The write up states:
The CTO explains that Win32 has persisted even when facing targeted existential threats from within Microsoft, particularly in the Windows 8 era. “There’s been various times in Microsoft’s history where we thought we’d reboot the Windows API surface, like WinRT, that actually didn’t play out the way a lot of people expected it to.”
Explains? I think this means that Microsoft engineers cannot fix up, remediate, or reliably enhance Windows because of its bedrock. Yeah, that is helpful.
Okay, what’s my reaction?
- Windows is old code swathed in wrappers. Unlike “baby diapers” these wrappers cannot be cleaned. More digital diapers are added, thus increasing the attack surface for “germs” like the computer science students honing their cyber skills by hacking at Microsoft software.
- There is no fix. How do I know this?
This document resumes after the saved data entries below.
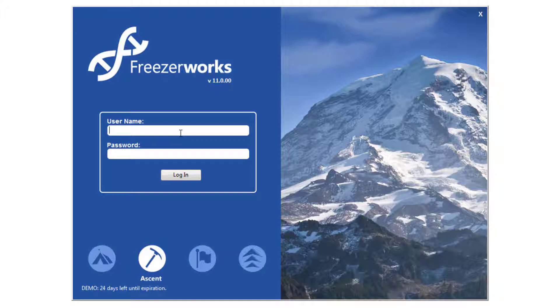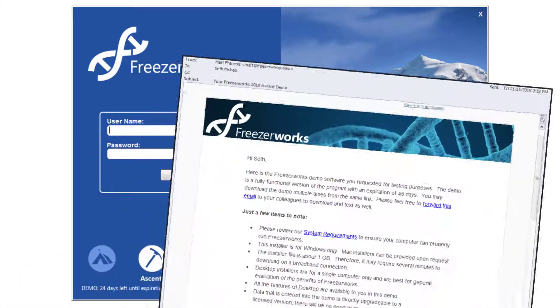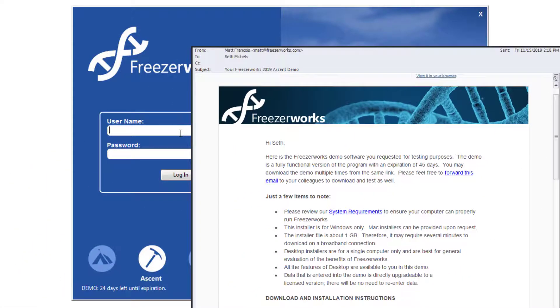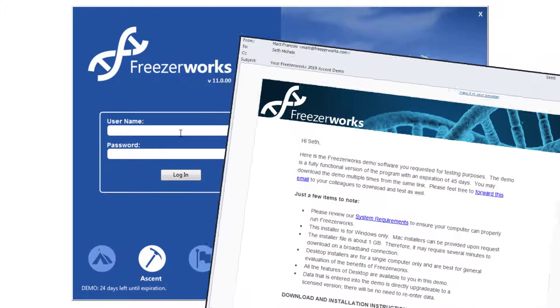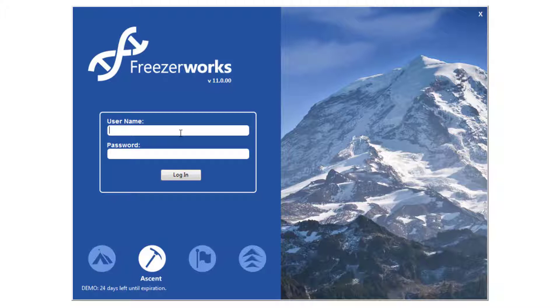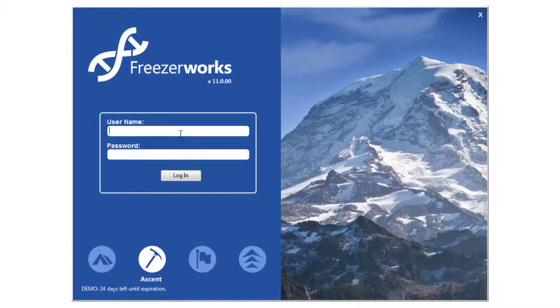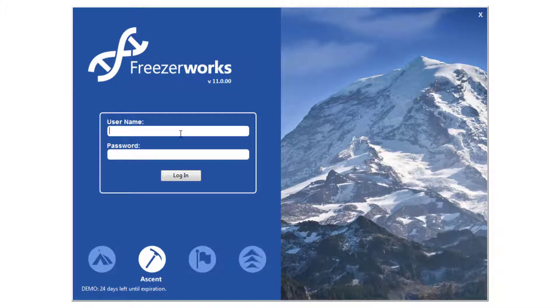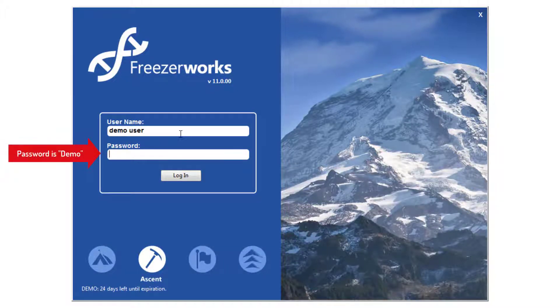Since you're watching this video, you probably received an email from your account manager with information about downloading the FreezaWorks demo. Follow that email now to install FreezaWorks. Once installed, open the program and get yourself logged in. Use the username DemoUser with the password Demo.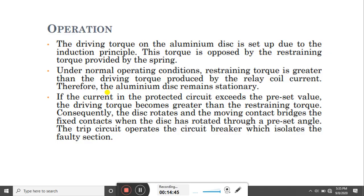That is the end of this lecture. In this lecture, we have discussed the different types of relay along with the induction type over-current relay. A further lecture will be delivered in the next class.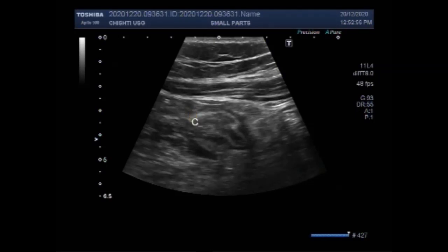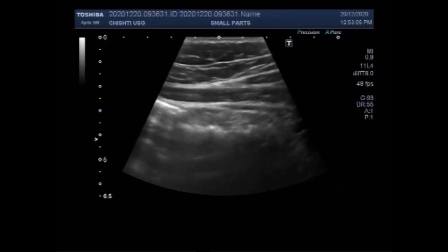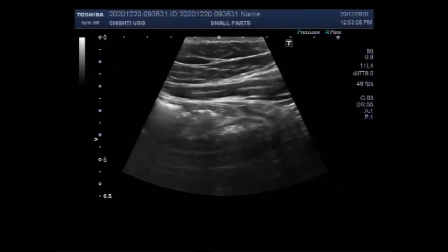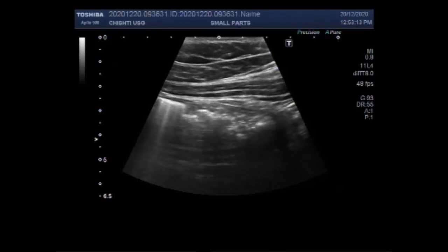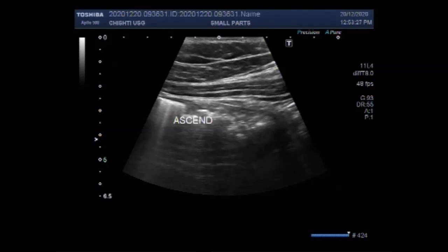Now this is the cecum. This is the ascending colon. The position of the appendix is variable from patient to patient, so you will have to look around the cecum to localize the appendix.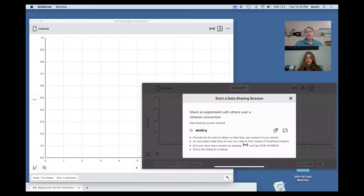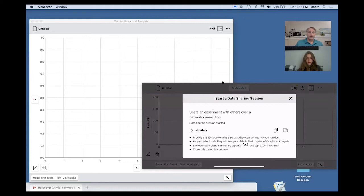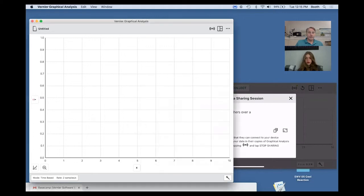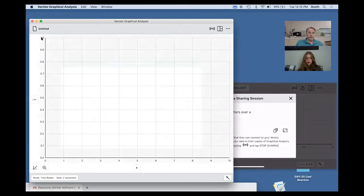That ID code is what a student would type into Graphical Analysis Pro to be able to do the data sharing. So I'm going to come up here where it says untitled, click there, and say new experiment.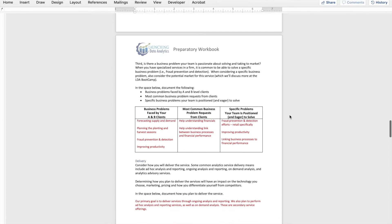So what I want you to do is create three lists: first, your business problems faced by your A and B clients; second, the most requested business problems; and third, what specific problems your team thinks they could solve and take to market. In my hypothetical firm, business problems faced by A and B clients include forecasting supply and demand — both in food and beverage and agriculture — using information to better plan planting and harvest seasons, addressing fraud prevention and detection, and improving productivity across all three industries.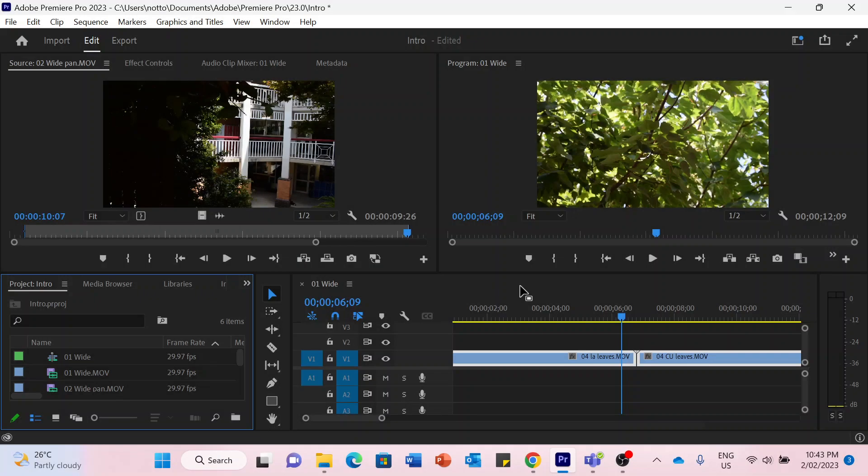In this video we'll look at a few more basic introductory techniques that you need to know to get started in Premiere Pro.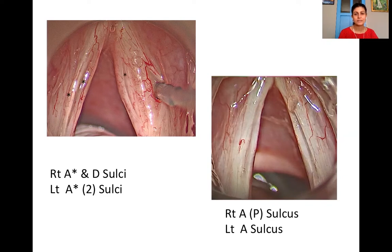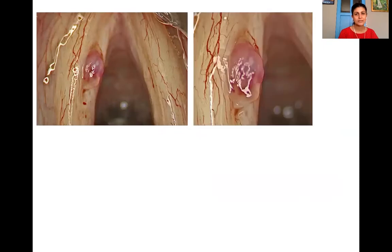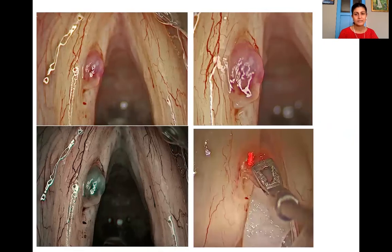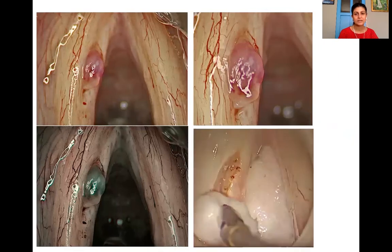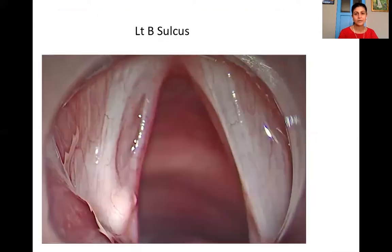On the left vocal fold there's a simple type A sulcus. Here we have another patient who has a sulcus on the left vocal fold with a polyp emanating from it. When the polyp is excised, we can see that the depth of the sulcus is only in the SLP. And since the length of the sulcus is less than 50% of the membranous vocal fold, it is a left type D sulcus with P in brackets.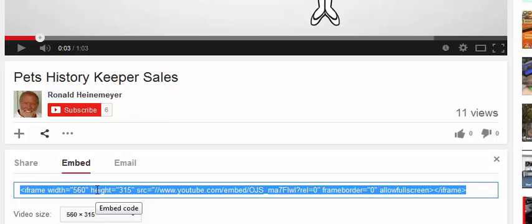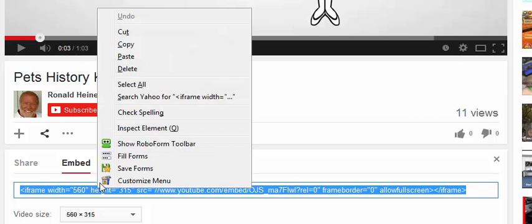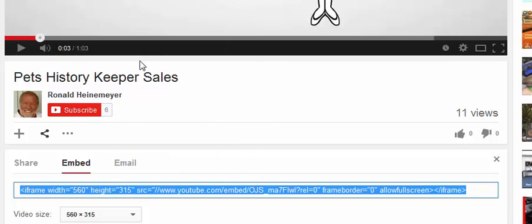Right-click with your right mouse button and select Copy — and that's all there is to getting the embedded code to put in your submit email.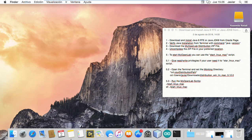Hi MyOpenLab users. I am going to show you how to download and install MyOpenLab distribution on your Mac computer. Let's go.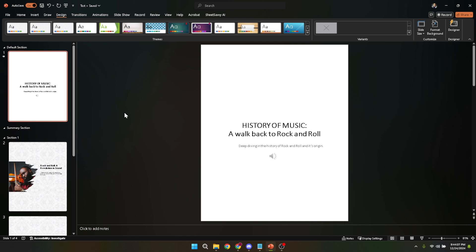And there you have it—a simple guide to creating a PowerPoint template in about five minutes. Remember, the key to a great presentation isn't just the content, but also how visually appealing it is to your audience.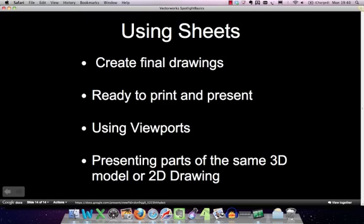When you use sheet layers in Vectorworks - we'll just call them sheets for now - what you're doing is creating a final drawing. You can lay up an entire drawing with as many bits of data, sections, or cutaways as you want. You're effectively creating something ready to print and present. To do that you need to understand how to create different viewports, which create cuts from either your 3D model or your 2D drawing, presenting different parts of the same model using these sheets.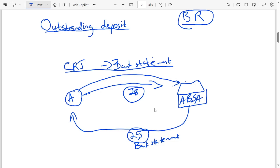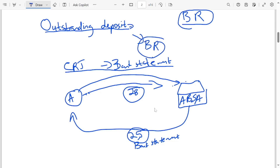The bank sent us a bank statement on day 25, and then we deposited the money on day 28. So obviously, the money that we deposited on day 28 is not going to appear in the bank statement, because it was sent earlier. So that money that we deposited is going to be called an outstanding deposit, which is going to be recorded in the bank reconciliation statement — every month, up until it appears. Meaning that if it does not appear in the following month, we are still going to record that outstanding deposit in the bank reconciliation statement.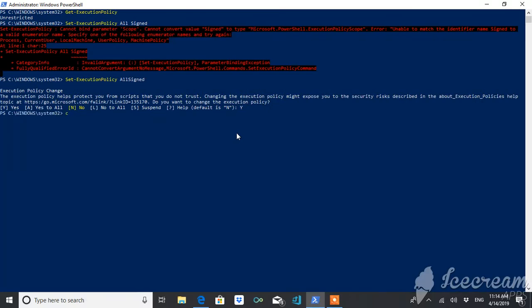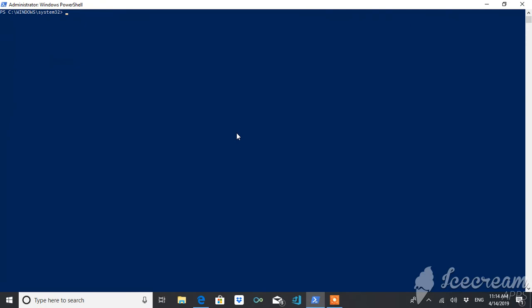Now again you can check the execution policy. And if you want to change the policy to Restricted, you can do this just by typing Restricted with Set-ExecutionPolicy.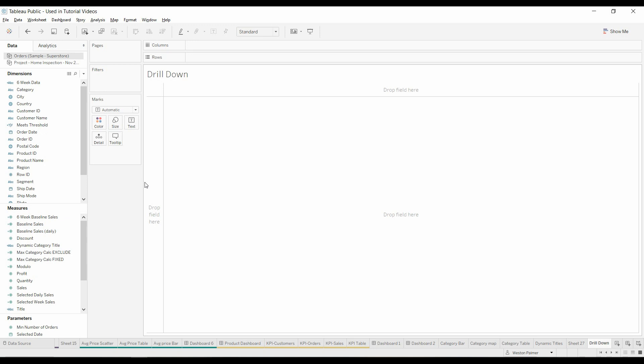Welcome to another Tableau tutorial video. Today I'm going to show you how to create a tree map that you can drill down into.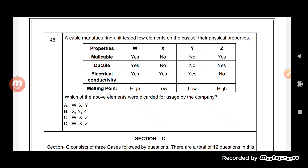These are the different cable elements W, X, Y, and Z with different properties. We have to see which of the elements were discarded for usage by the company. For malleability: W is malleable, Y is not malleable, X is not malleable, and Z is malleable. For ductility: W is ductile, but X, Y, and Z have no ductility.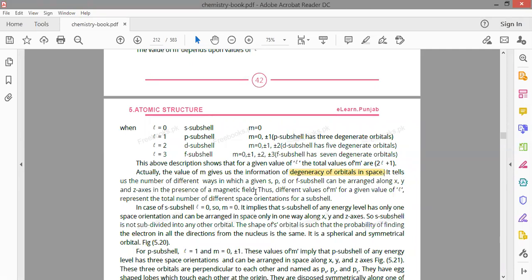In the presence of a magnetic field, sub-shells arrange along x, y, and z axes. P has 3 degenerate orbitals, D has 5, and F has 7. The s sub-shell is spherical — it has no degenerate orbitals. P, D, and F all have degenerate orbitals, and different values of m represent different space orientations of a sub-shell.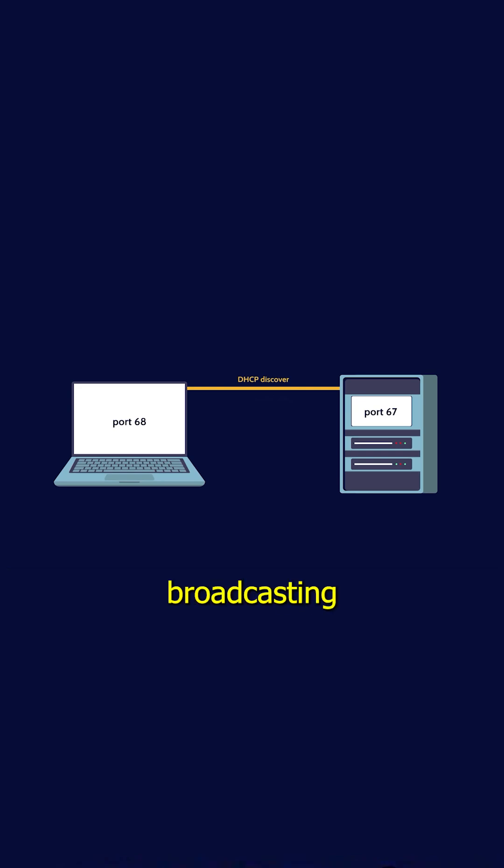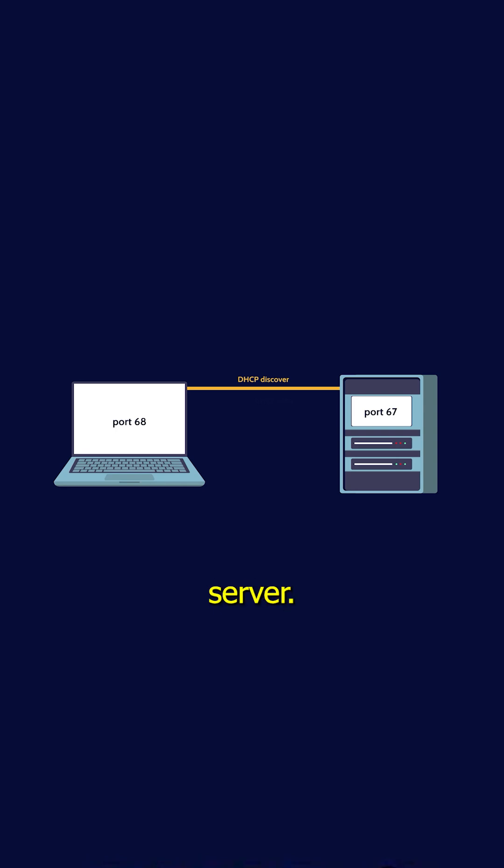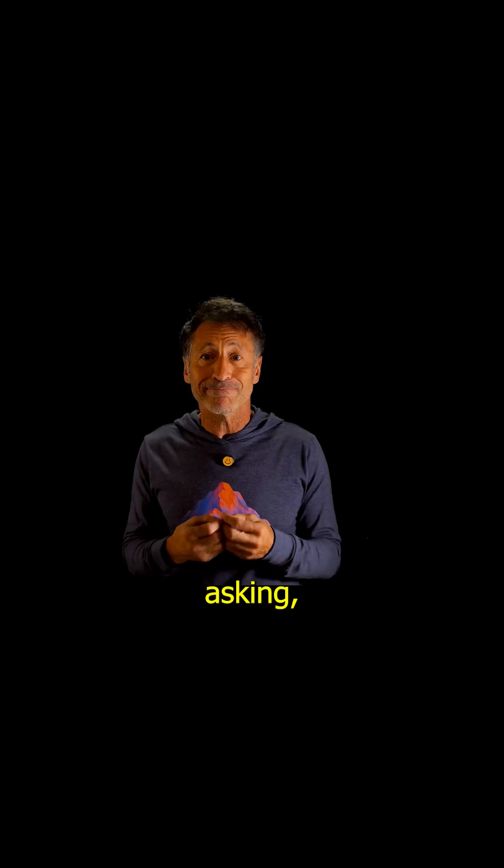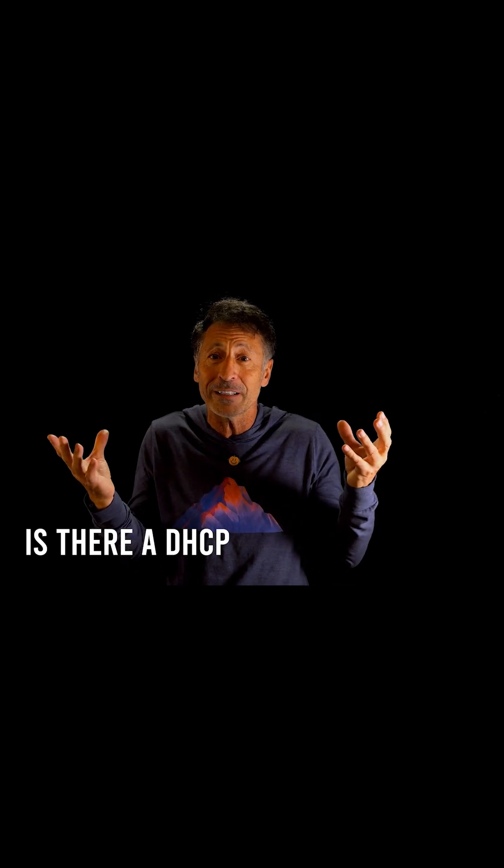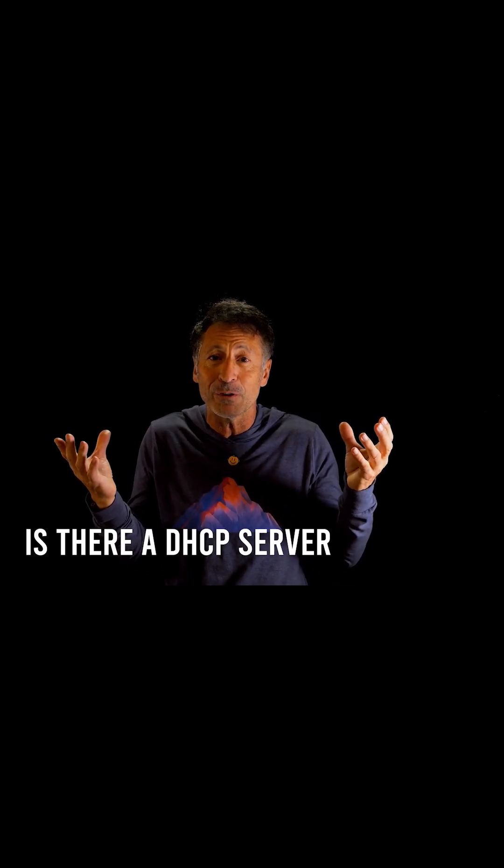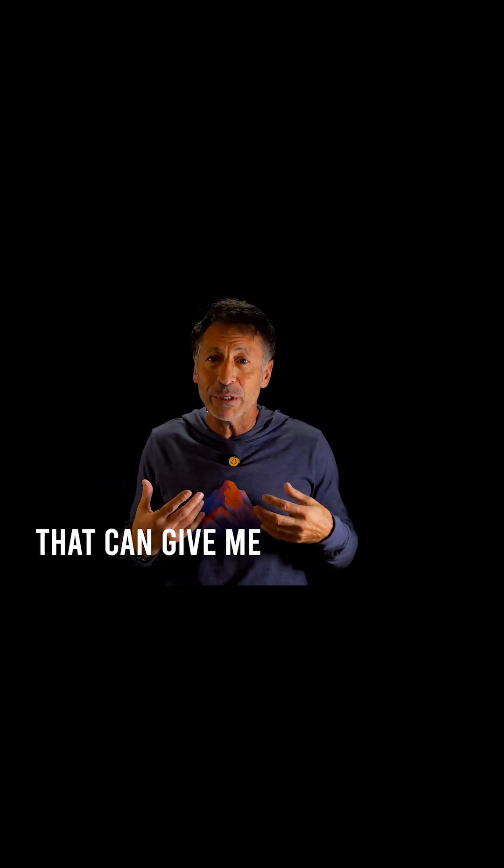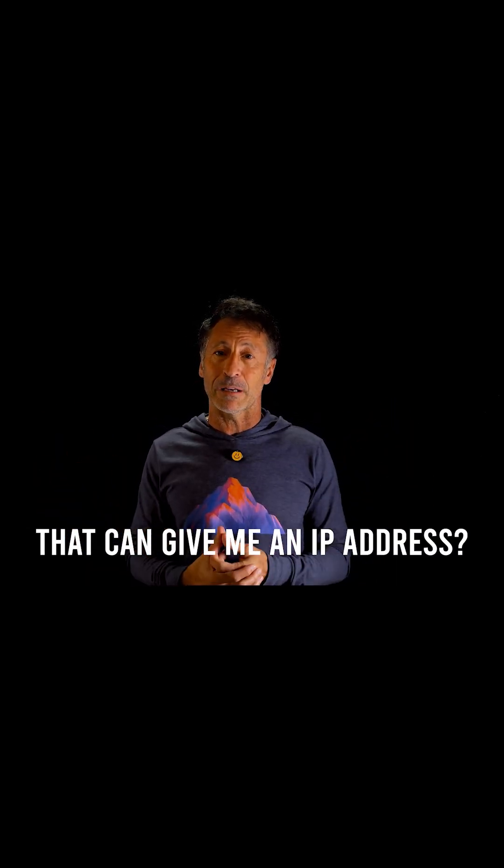This message is sent over port 68 from the client asking, is there a DHCP server out there that can give me an IP address?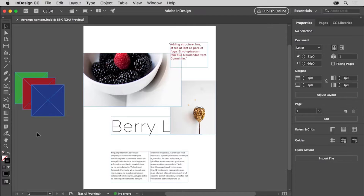When you add content to your InDesign documents, one object is stacked on top of another. When those objects overlap, you can see how those objects are stacked. Using the content in this flyer, you'll explore stacking content, and you'll use the arrange commands to change object stacking order.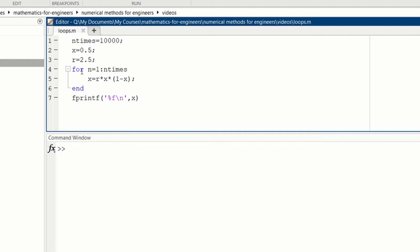We end. So we have some initial value of x, and then we iterate this map n times, and then we have some resulting value of x, and here I print out what that value is. So that's a very simple loop.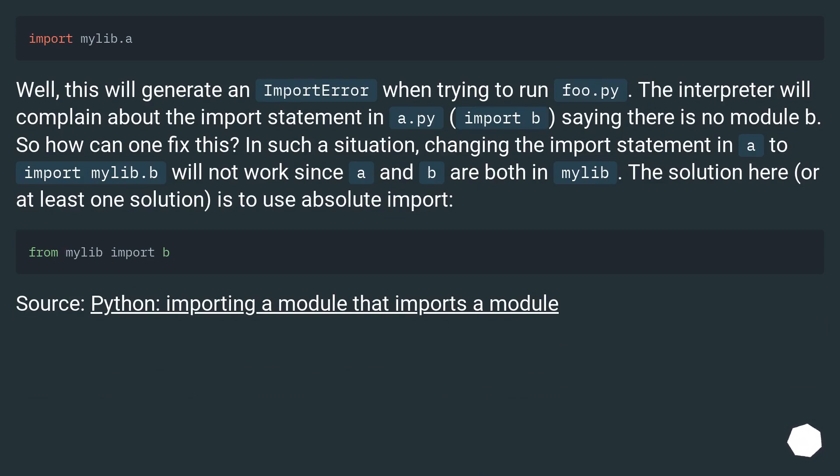Well, this will generate an import error when trying to run foo.py. The interpreter will complain about the import statement in a.py, import b, saying there is no module b.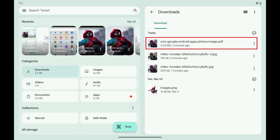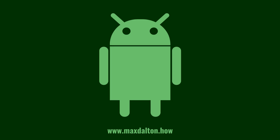So in this example, I'll navigate to my Downloads folder where I can see my PDF has been saved. Let me know if this video helped you out in the comments below. If you liked what you saw here, click the video links on the right side of the screen to check out another video, or click the logo on the left side of the screen to check out my tutorial website at www.maxdalton.how.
The WinRT statement means to me, “Yeah, we tried and failed.” The implication is that one pays for follies like the AI craziness in Notepad and the core issues from the 1990s are still there like defective protein strings that will one day go wacky so a system, like some people, fall over dead. Nifty.
- The trotting out of a tools person who was hired by Microsoft and then having him explain the value of bedrock and the persistence of old problems does zero for my confidence in the Microsoft outfit. Sure, it makes money, but it creates massive problems for its users, customers, and partners. Guess what? Too bad.
Net net: I have a number of Mac computers. Exactly zero of them present weird software failures like a failure to print, messages that a NAS cannot be found, or mice that don’t mouse. This article is a good promotion for a shift to greener pastures. Typical Microsoft. Hands waving and a shoulder shrug. Yeah, WinRT.